Steroidal androgen synthesis inhibitors like the CYP17A1 inhibitor abiraterone acetate (Zytiga) or the 5α-reductase inhibitors finasteride and dutasteride could also technically be described as "SAAs", but the term is usually reserved to describe AR antagonists (and sometimes progestogenic antigonadotropins).

===Not marketed===

====Under development====
- Clascoterone (CB-03-01; Breezula, Winlevi): A pure AR antagonist. Topical without any systemic activity. Under development for the treatment of acne and pattern hair loss (androgenic alopecia).

====Development discontinued====
- 11α-Hydroxyprogesterone (11α-OHP): Possibly the first antiandrogen to be discovered. Weak antiandrogen used topically. Studied in the 1950s for the treatment of androgen-dependent skin conditions like acne and reportedly showed some effectiveness but was never marketed.
- Benorterone (SKF-7690, FC-612): A pure AR antagonist without progestogenic activity, though with some antigonadotropic activity through an undefined mechanism. One of the earliest antiandrogens. Studied in the treatment of acne, seborrhea, and hirsutism in the 1960s but was found to produce a very high rate of gynecomastia in males. Development was discontinued in favor of cyproterone acetate, which showed only a low rate of gynecomastia in males.
- BOMT (Ro 7-2340): A pure AR antagonist without other progestogenic activity, though with some antigonadotropic activity through an undefined mechanism. One of the earliest antiandrogens. Studied in the treatment of benign prostatic hyperplasia but was never marketed. Was also of interest for the potential treatment of acne, pattern hair loss (androgenic alopecia), and prostate cancer, but was never studied for such uses.
- Cyproterone (SH-80881, SH-881): A pure AR antagonist without progestogenic activity, showing robust progonadotropic activity like NSAAs. One of the earliest antiandrogens. Was studied in the treatment of precocious puberty as well as acne, seborrhea, and hirsutism. Showed surprisingly poor effectiveness in clinical trials and was abandoned in favor of cyproterone acetate.
- Delanterone (GBR-21162): An AR antagonist which was described in the literature in 1977. Was under development for the treatment of acne but showed poor effectiveness in preclinical studies and was abandoned.
- Galeterone (TOK-001, VN/124-1): A dual AR antagonist and steroidogenesis inhibitor which was under development for the treatment of prostate cancer but showed insufficient effectiveness in clinical trials and was discontinued.
- Inocoterone acetate (RU-38882, RU-882): A steroid-like NSAA. It was under development as a topical medication for the treatment of acne but was discontinued due to insufficient effectiveness in clinical trials.
- Metogest (SC-14207): An AR antagonist which was patented in 1975 and briefly investigated for the treatment of acne but was never marketed.
- Rosterolone (SH-434): A pure AR antagonist without other hormonal activity. Developed as a topical antiandrogen without systemic activity. Showed some effectiveness in the treatment of acne, but was never marketed.

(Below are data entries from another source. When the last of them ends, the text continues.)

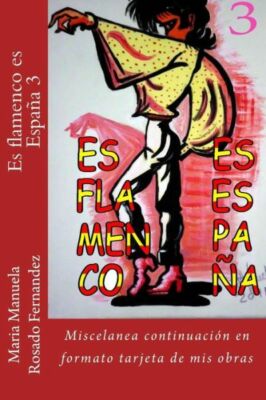 Es Flamenco Es Espa?A 3: Miscelanea Continuaci?N En Formato Tarjeta De Mis Obras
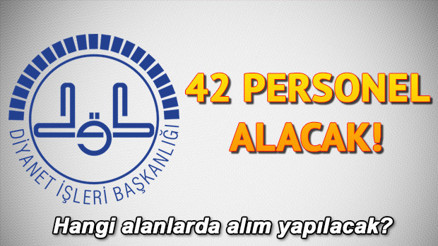 Diyanet İşleri Başkanlığı (DİB) 42 personel alımı yapacak
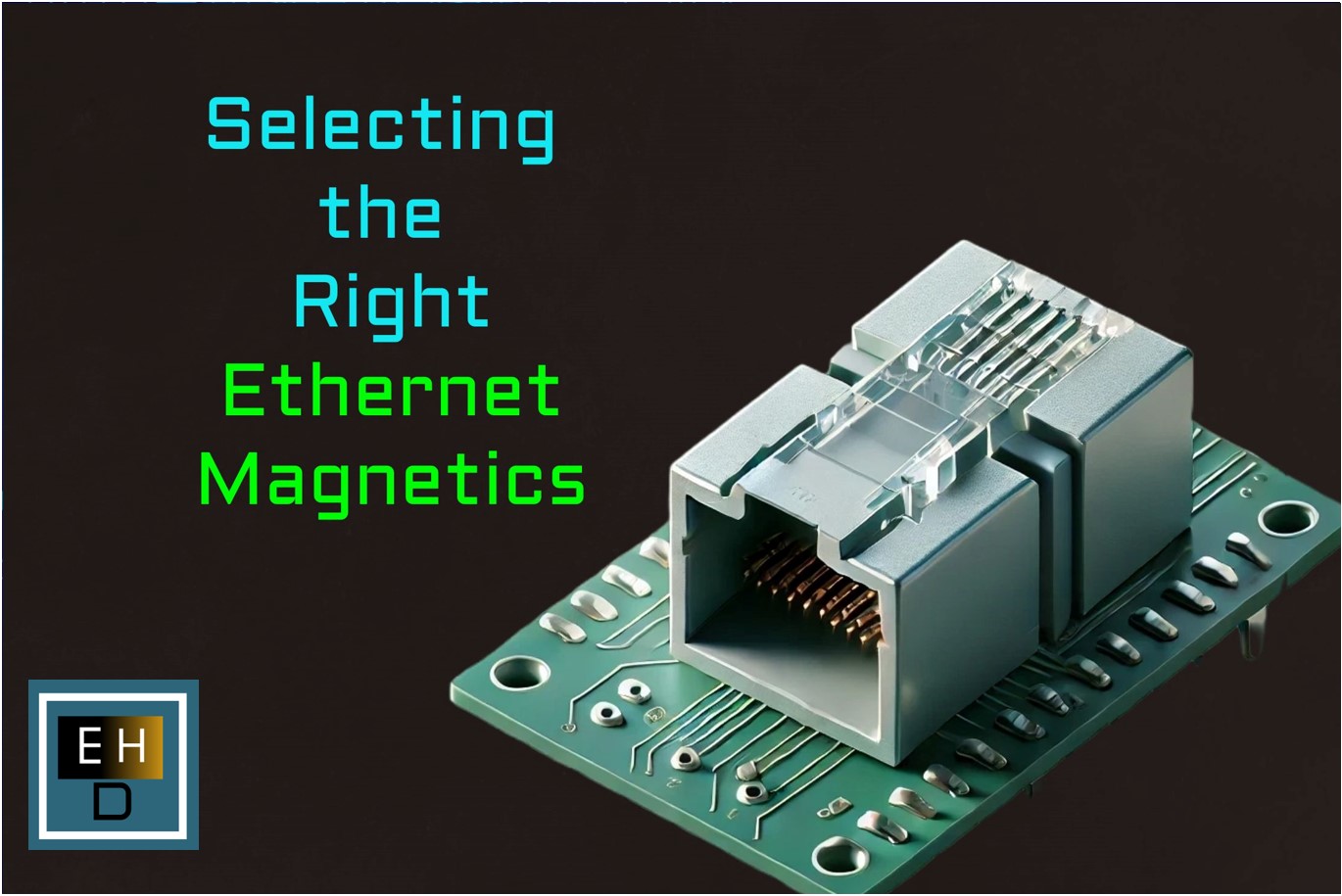 Selecting the Right Ethernet Magnetics - Embedded Hardware Design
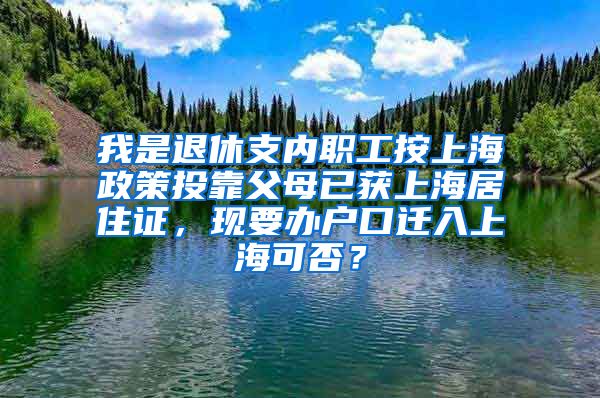 我是退休支内职工按上海政策投靠父母已获上海居住证，现要办户口迁入上海可否？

- Topterone (WIN-17665): An AR antagonist which was described in the literature in 1977. Developed as a topical antiandrogen. Was under development for the treatment of acne but showed poor effectiveness and was abandoned.

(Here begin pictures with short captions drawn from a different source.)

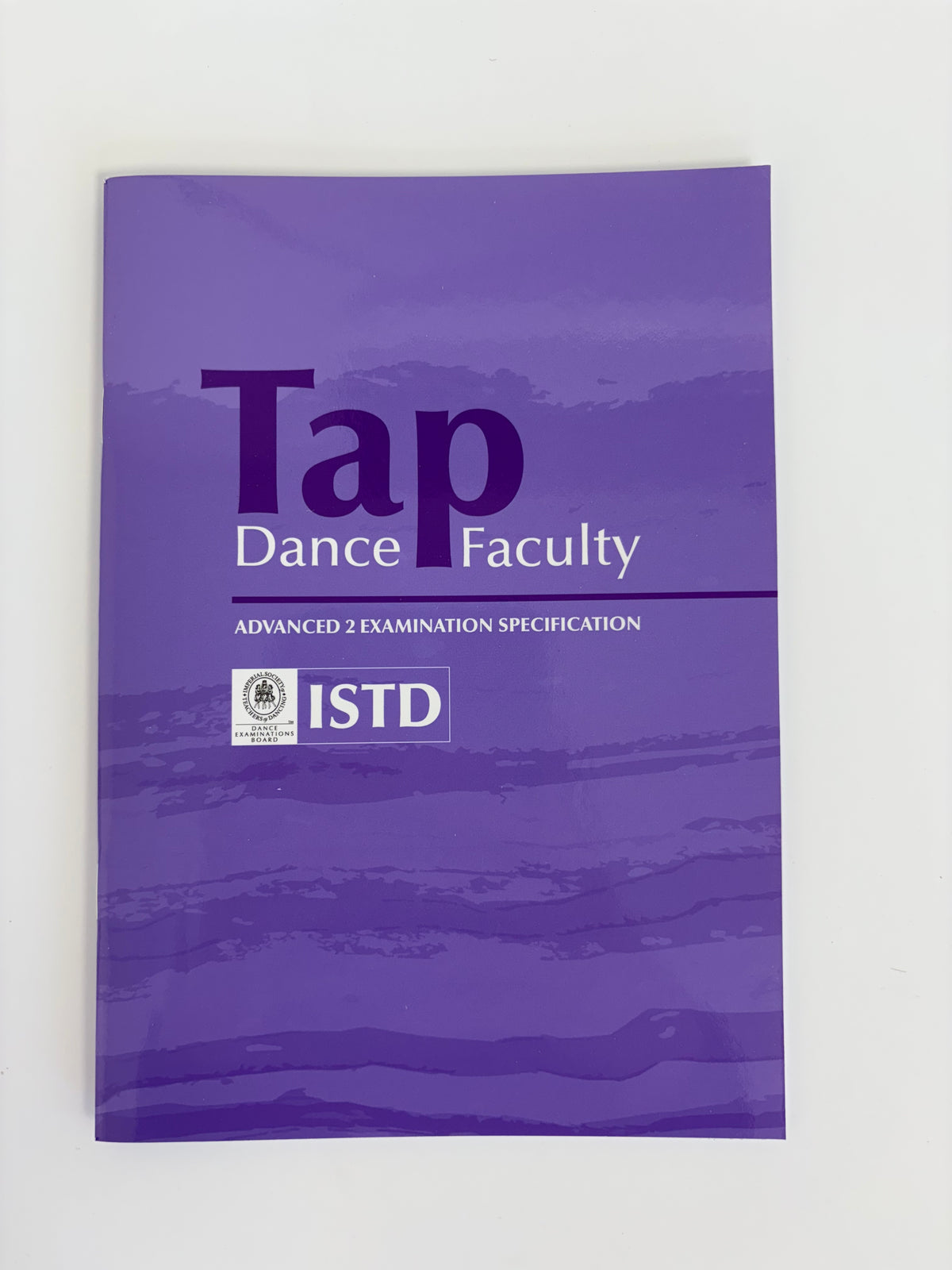 ISTD Tap Dance Advanced 2 Syllabus Book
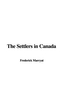 The Settlers in Canada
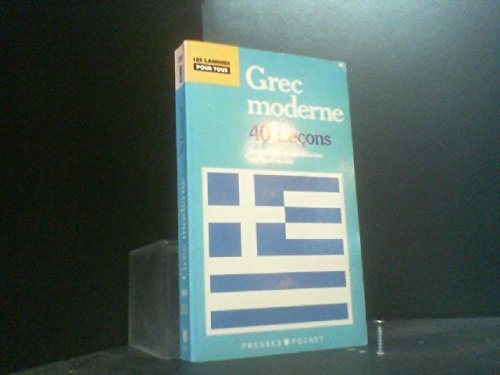 PARLEZ LE GREC MODERNE EN 40 LECONS.: 2ème édition 9782266029032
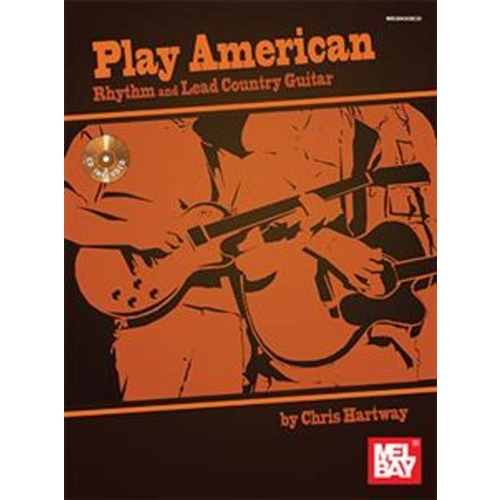 Play American: Rhythm And Lead Guitar Softcover Book/CD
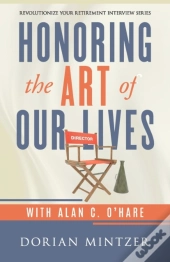Honoring The Art Of Our Lives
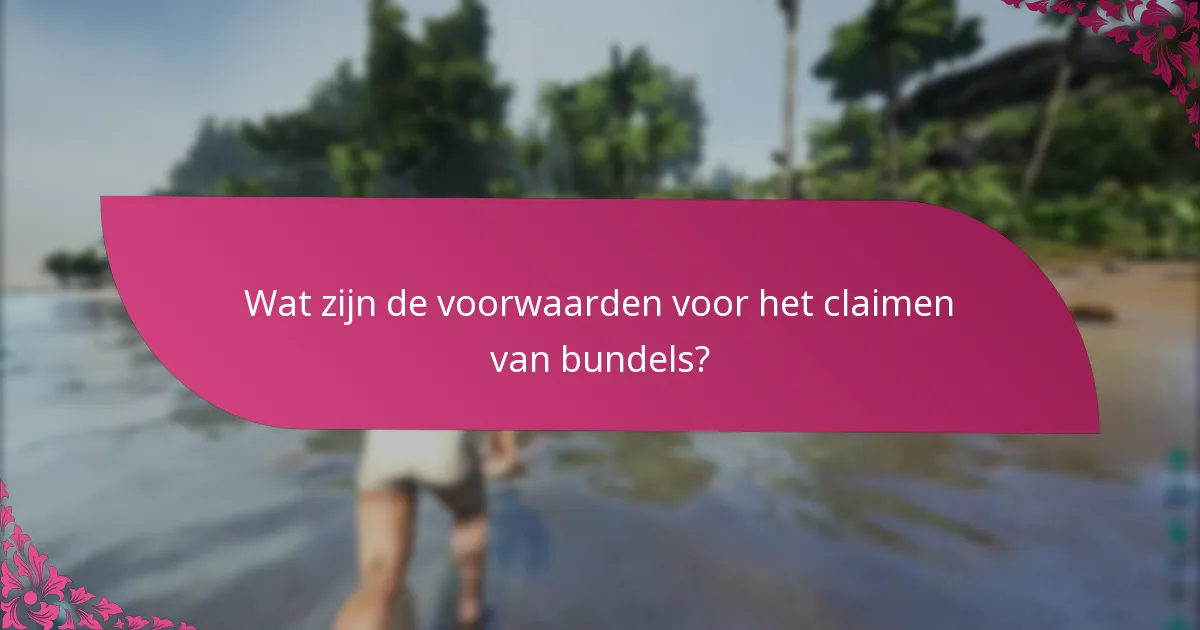 Wat zijn de voorwaarden voor het claimen van bundels?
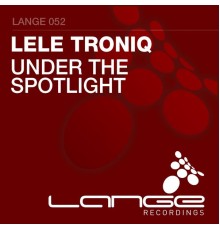 Lele Troniq - Under The Spotlight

- Trimethyltrienolone (R-2956): An extremely potent AR antagonist without other hormonal activity derived from the powerful anabolic–androgenic steroid metribolone (methyltrienolone). Was under investigation for potential clinical use but development was discontinued in favor of NSAAs, which in contrast show a complete lack of intrinsic androgenic activity.
- Zanoterone (WIN-49596): A pure AR antagonist without other hormonal activity except some antiprogestogenic activity in animal models. Was under development for the treatment of benign prostatic hyperplasia but showed poor effectiveness and a high rate of breast pain and gynecomastia in clinical trials and was subsequently abandoned.
- Many spirolactone antimineralocorticoids that were never marketed like dicirenone, mespirenone, mexrenone, prorenone, SC-5233 (spirolactone), spirorenone, and spiroxasone also show varying degrees of activity as AR antagonists.